(Image-text web data)
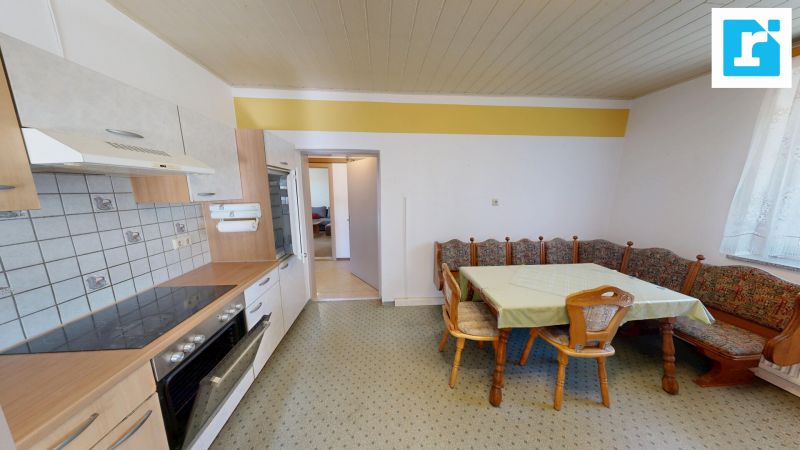 Saniertes Wohnhaus in erh�hter Aussichtslage am Tafelberg im Jennersdorfer Weingebirge /  / 8380&nbsp;Jennersdorf / Bild 7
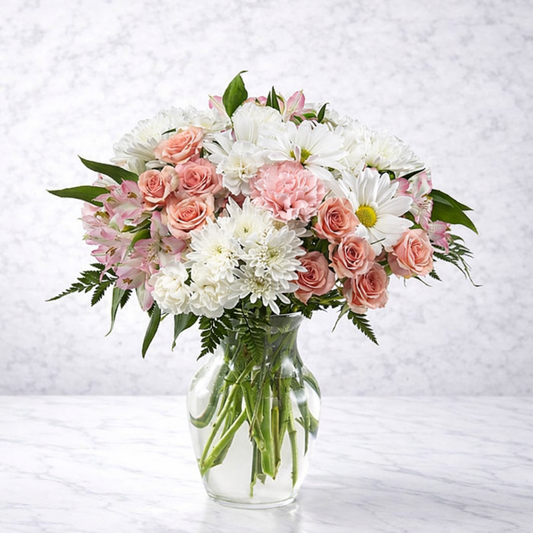 Blush Crush Bouquet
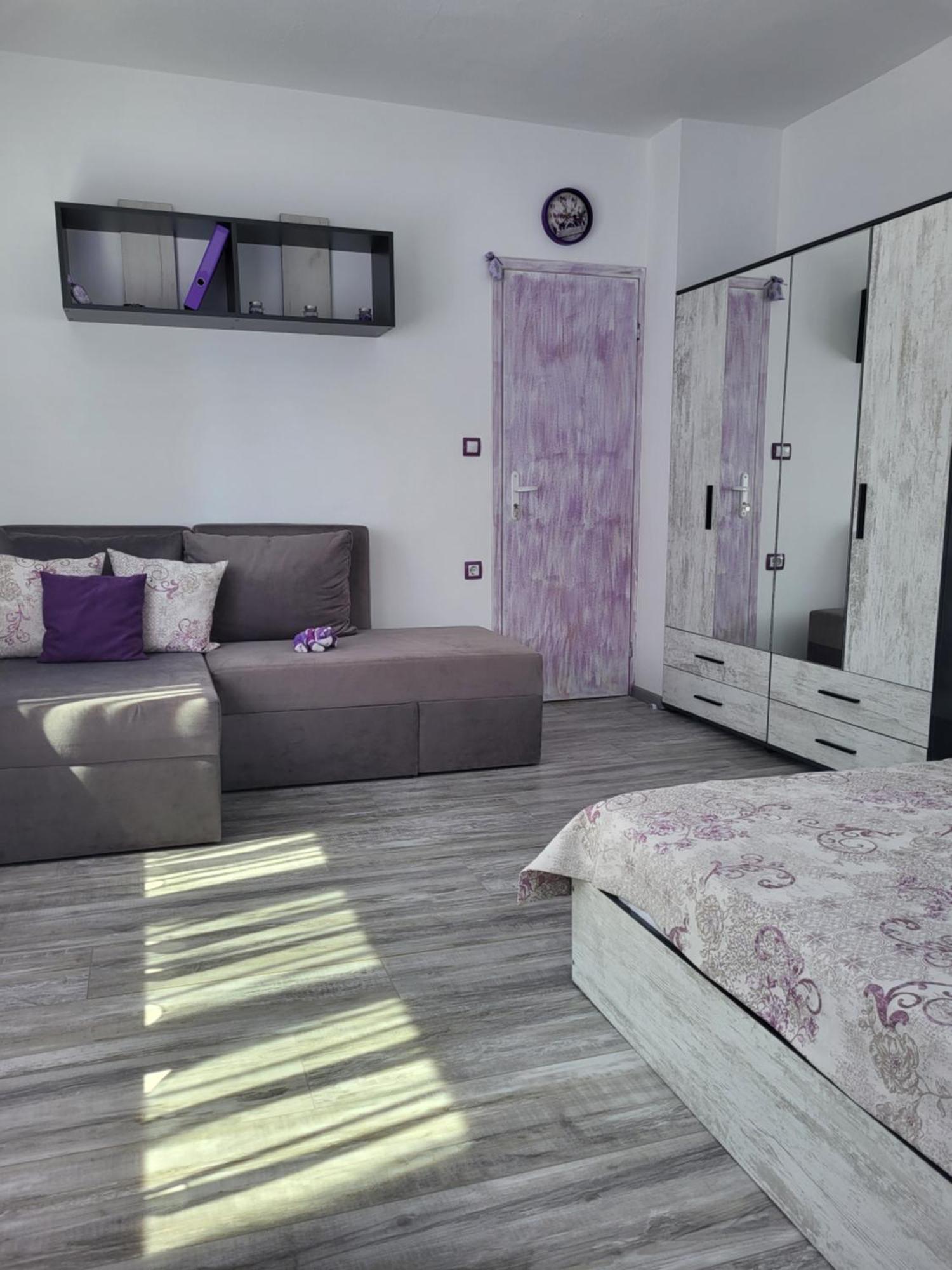 Purple Studios Veliko Tárnovo Exterior foto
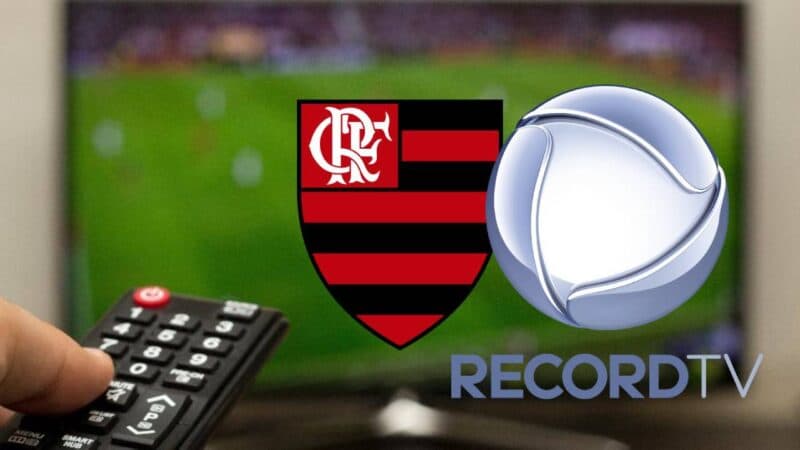 record flamengo carioca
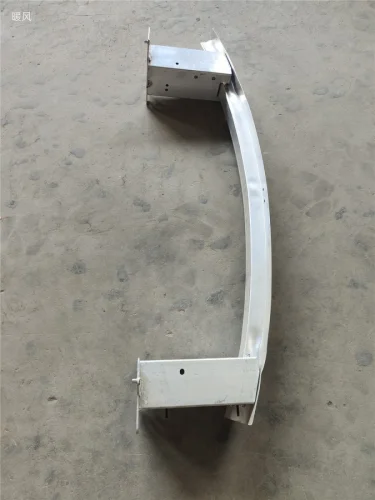 Усилитель бампера GEELY MONJARO FR DAR ub1280025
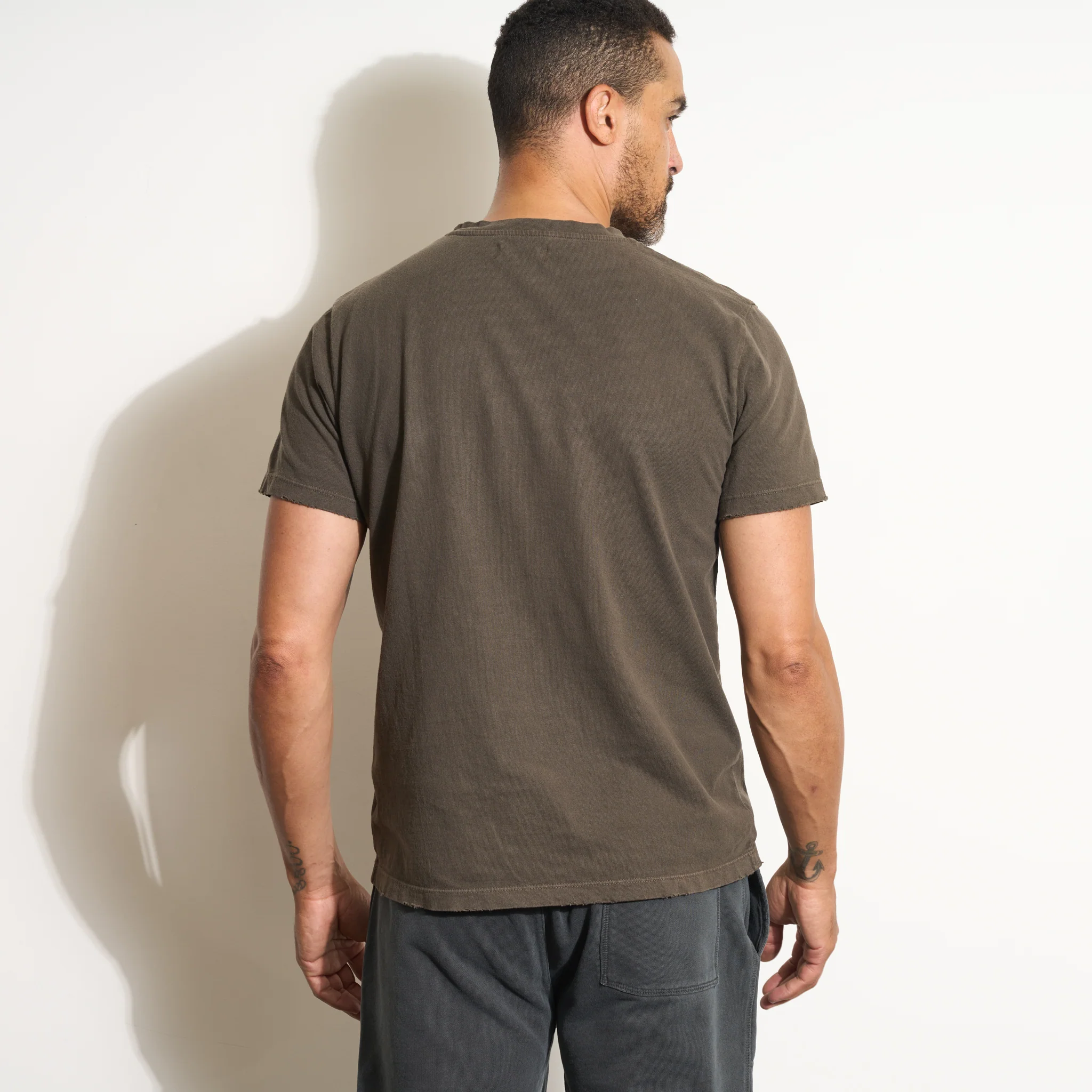 1955 Asher Standard Tee - Image 19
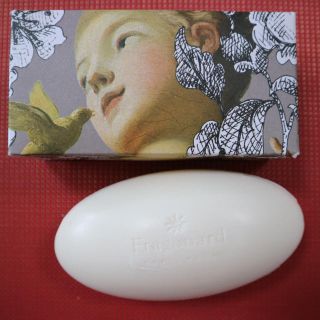 フラゴナール(Fragonard)の日本未発売！フラゴナールボディー石鹸！大人気ブランド Fragonard(ボディソープ/石鹸)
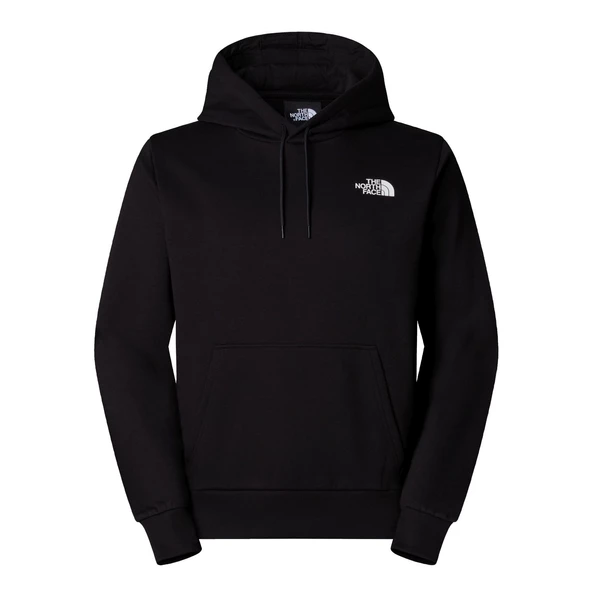 The North Face Erkek SIMPLE DOME KAPÜŞONLU NF0A89FCJK31 ürün görseli 1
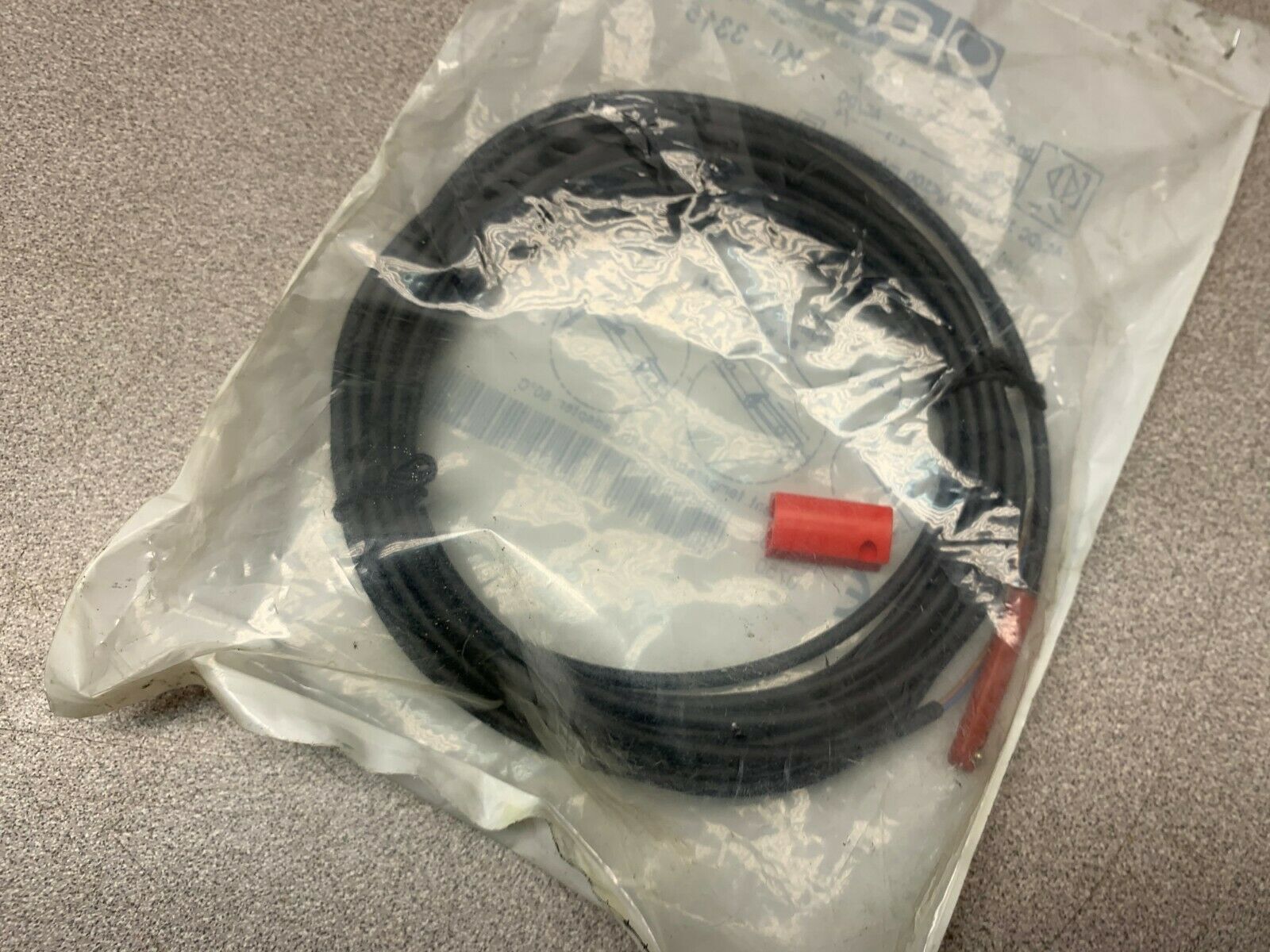 NEW IN PACKAGE ORIGA SWITCH KL3315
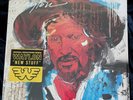 Waylon Jennings New Stuff RSD Orange Marbled Vinyl BCR 045 LP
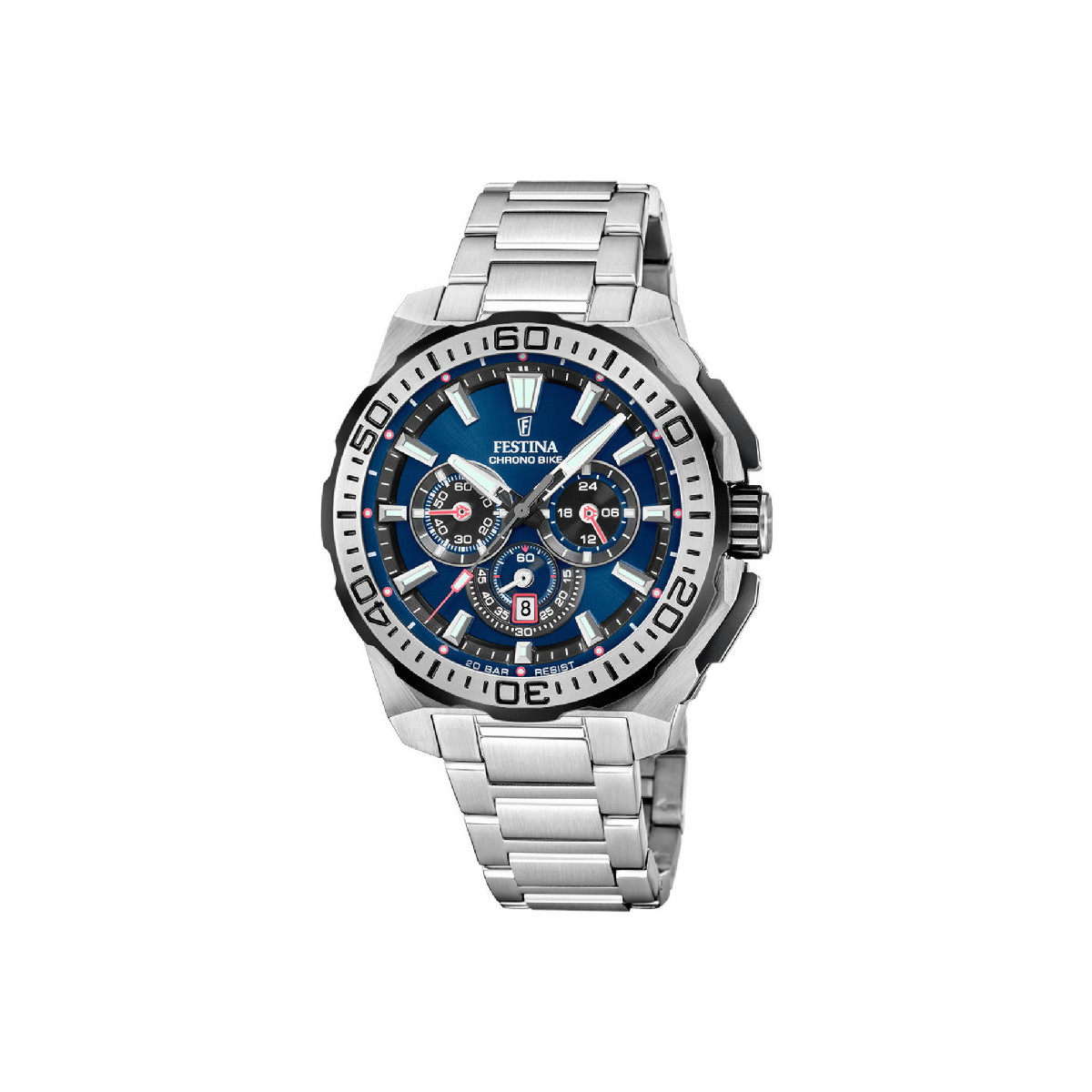 RELOJ FESTINA - F20724/2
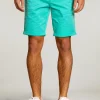 Sale River Woods Katoenen chinoshort ginfizz -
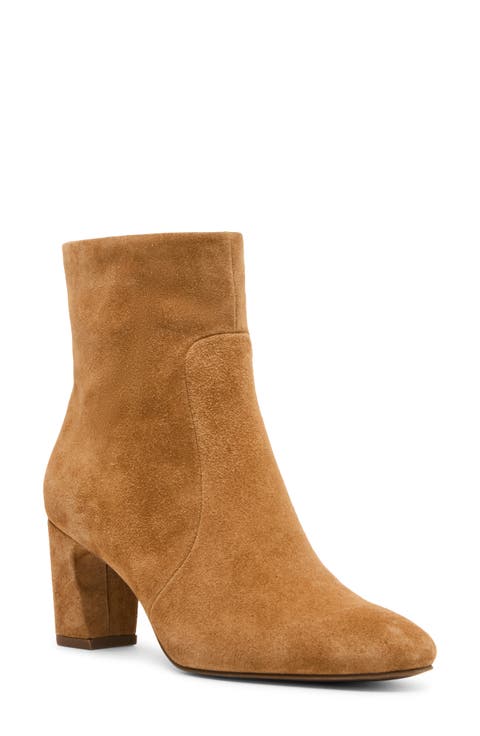 Mara Waterproof Bootie
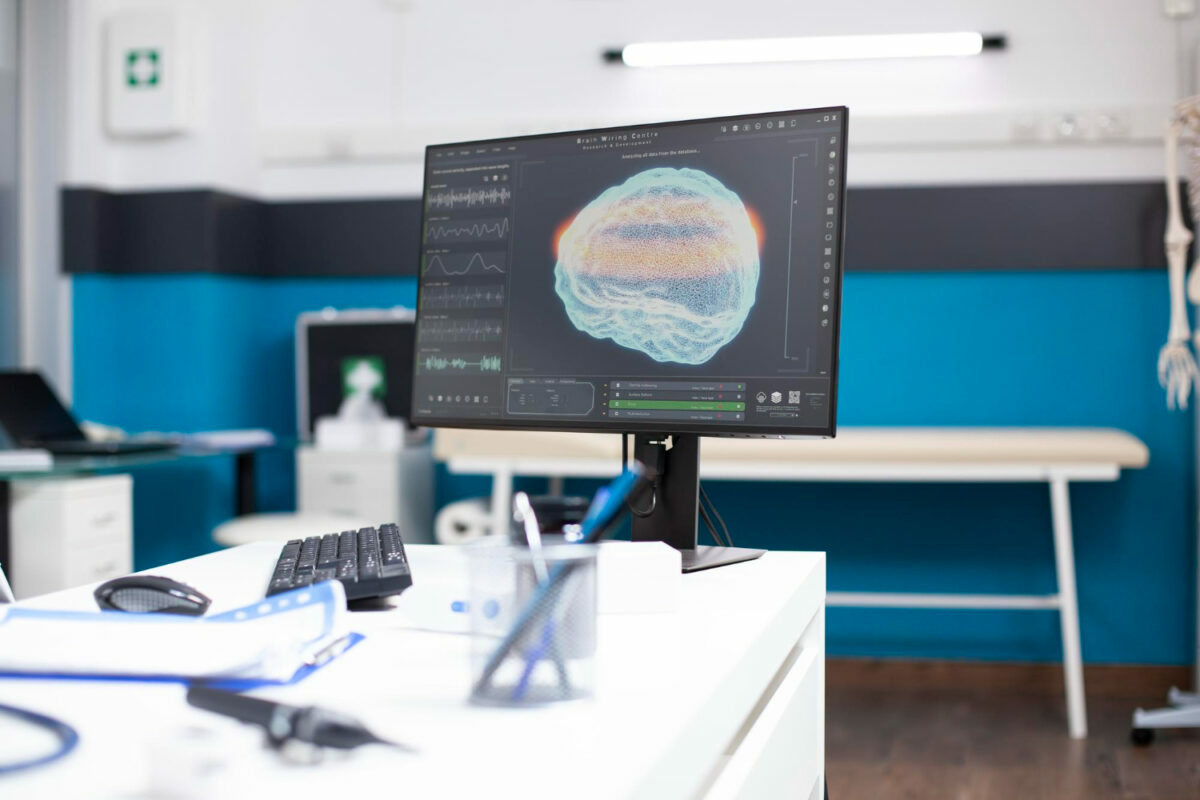 Áttörést hozhat a HUN-REN kutatóinak eljárása a skizofrénia megértésben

Your assignment
A verbatim copy of all the records, minus the pictures, is the expected answer.

Completed task
 Saniertes Wohnhaus in erh�hter Aussichtslage am Tafelberg im Jennersdorfer Weingebirge /  / 8380&nbsp;Jennersdorf / Bild 7
 Blush Crush Bouquet
 Purple Studios Veliko Tárnovo Exterior foto
 record flamengo carioca
 Усилитель бампера GEELY MONJARO FR DAR ub1280025
 1955 Asher Standard Tee - Image 19
 フラゴナール(Fragonard)の日本未発売！フラゴナールボディー石鹸！大人気ブランド Fragonard(ボディソープ/石鹸)
 The North Face Erkek SIMPLE DOME KAPÜŞONLU NF0A89FCJK31 ürün görseli 1
 NEW IN PACKAGE ORIGA SWITCH KL3315
 Waylon Jennings New Stuff RSD Orange Marbled Vinyl BCR 045 LP
 RELOJ FESTINA - F20724/2
 Sale River Woods Katoenen chinoshort ginfizz -
 Mara Waterproof Bootie
 Áttörést hozhat a HUN-REN kutatóinak eljárása a skizofrénia megértésben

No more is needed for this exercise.